To put all this into a practical context I was recently asked to comment on a loudspeaker distributor’s proposed layout for a distributed series of semi- directional loudspeakers in long and relatively narrow space. The loudspeakers were located overhead at approximately 4m above oor level or about 2.4 m above the listener’s ears – there being nowhere to mount them lower down at the sides. The reverberation time of the space was around 3.5 seconds.
Now experience tells me that any form of passive and not particularly directional distributed loudspeaker system is not going to work in such a space. Yet, without modelling or undertaking a basic acoustic calculation, the distributor put forward his idea and already had the installer on board, so I had quite a job on to protect my client (the owner) to show that the system wouldn’t work. Detailed computer modelling showed that, indeed the design would not have adequate intelligibility for a number of reasons.
It is difficult to see the values on the figure 7, so I have zoomed in on a section in figure 8.
Now the failing values can be seen, with the average for the area in question being just 0.43 STI and with a significant percentage of the area only achieving 0.40. Looking at the speaker coverage was truly enlightening. The claimed coverage angle for the loudspeaker in question was 170° x 60° at 1 kHz and 140° x 55° at 2 kHz.
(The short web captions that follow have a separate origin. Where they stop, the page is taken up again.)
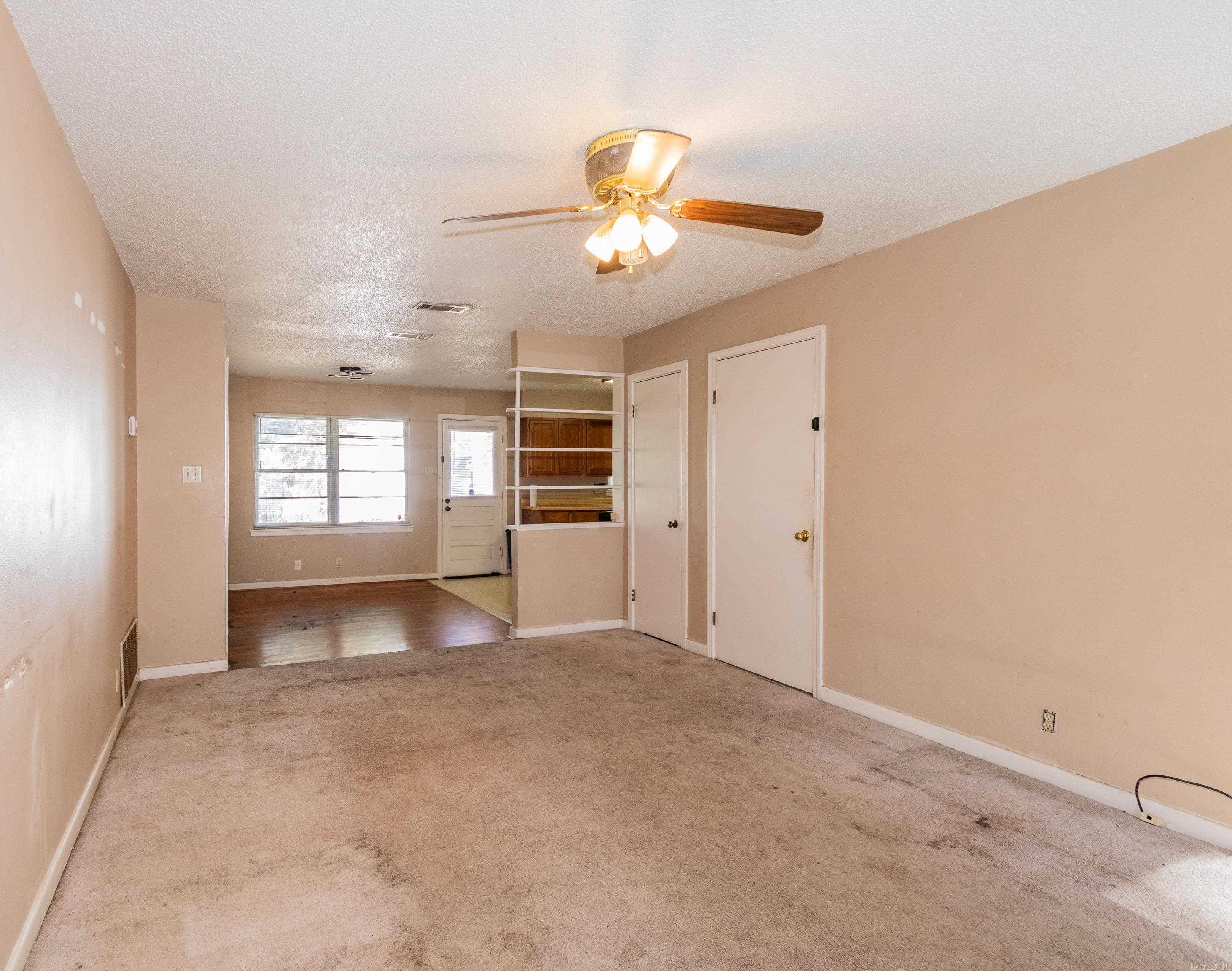 Keaton WW 2nd - Residential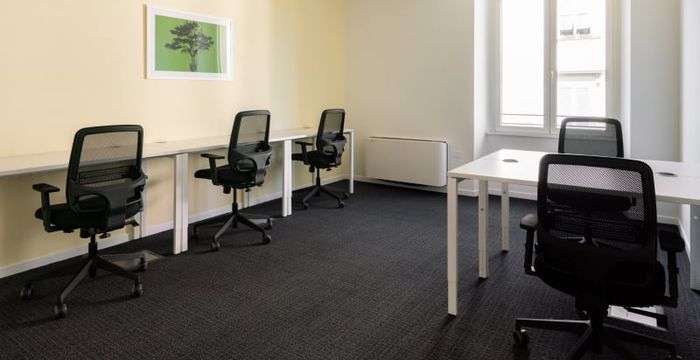 Viale Giacomo Matteotti 15, Florence - Image 5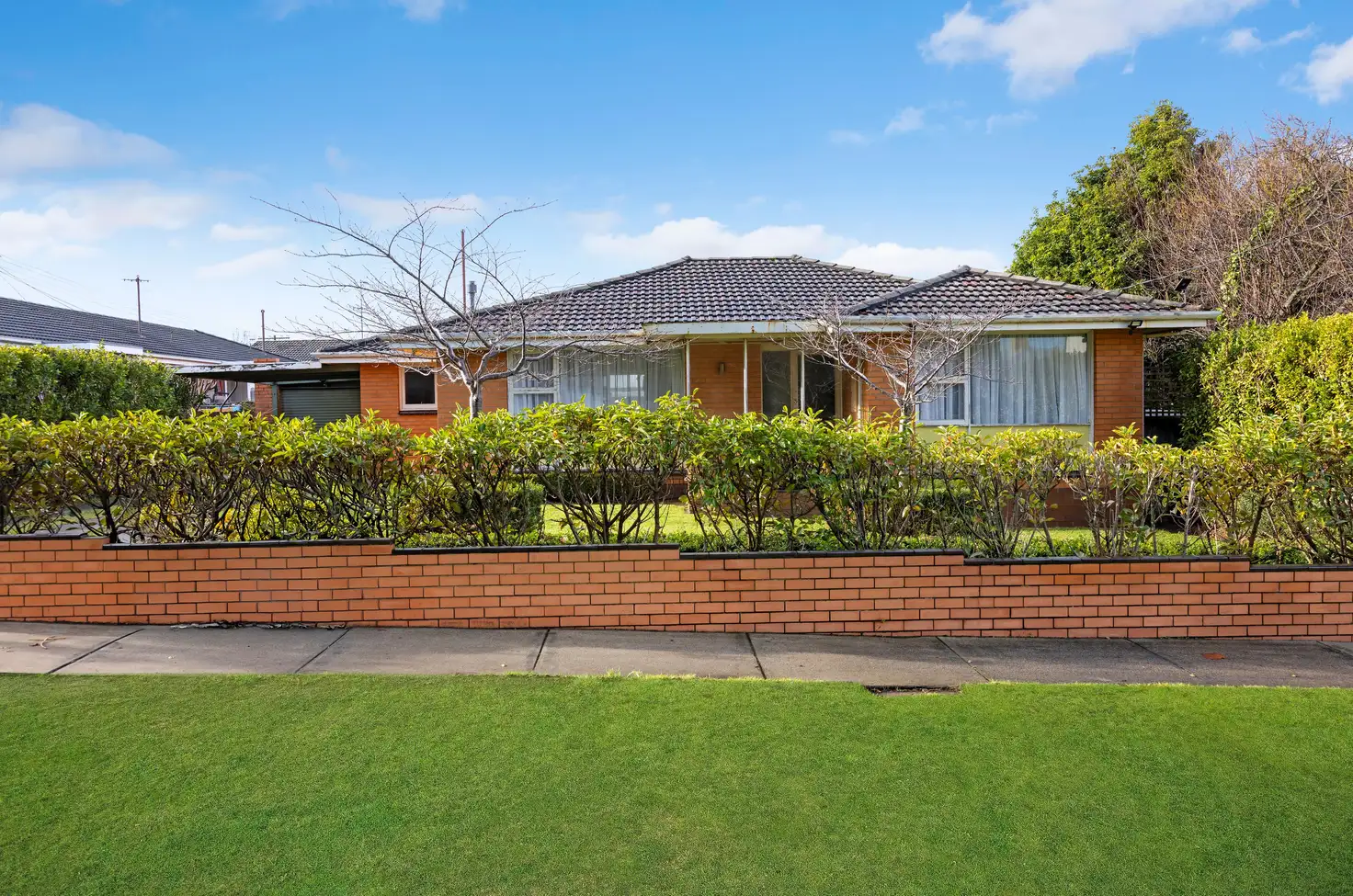 Main view of Homely house listing, 36 Henna Street, Warrnambool VIC 3280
Figure 9 shows the projected3 & 6 dB contours but filled out as solid shapes to more clearly show the coverage.
As can be seen, at 2 kHz the speaker covers the central section of the space quite well but does not cover the perimeter. However, the 3 dB contour only covers a tiny fraction of the area.
Now take a look at figure 10 and see what happens at 4 kHz – where only small parts of the central strip are covered, whilst the majority of the required area is not.
You might think that the STI plot would look a bit like the plots shown in figures 9 & 10 with small patches of intelligibility occurring at regular intervals (i.e. directly under the loudspeakers). Whilst this often happens, as I said earlier, ‘there is more to designing a sound system than just providing sound coverage’. However, in this case the loudspeaker design did
not even achieve this basic aim as the plots above clearly illustrate. The underlying point is that the space is just too reverberant to support intelligible speech from a normal distributed loudspeaker system. The loudspeaker distributor should have known this and certainly should have checked the viability of his design before presenting it and thereby causing the budget for the system to be set way too low. It is said that ‘a little learning is a dangerous thing’, which is certainly the case in audio & acoustics.
However, the really worrying aspect for me is that this is a VA system and forms the major element for informing the public of an emergency situation and helping to evacuate the complex in a safe and controlled manner. What chance the above proposal of achieving that?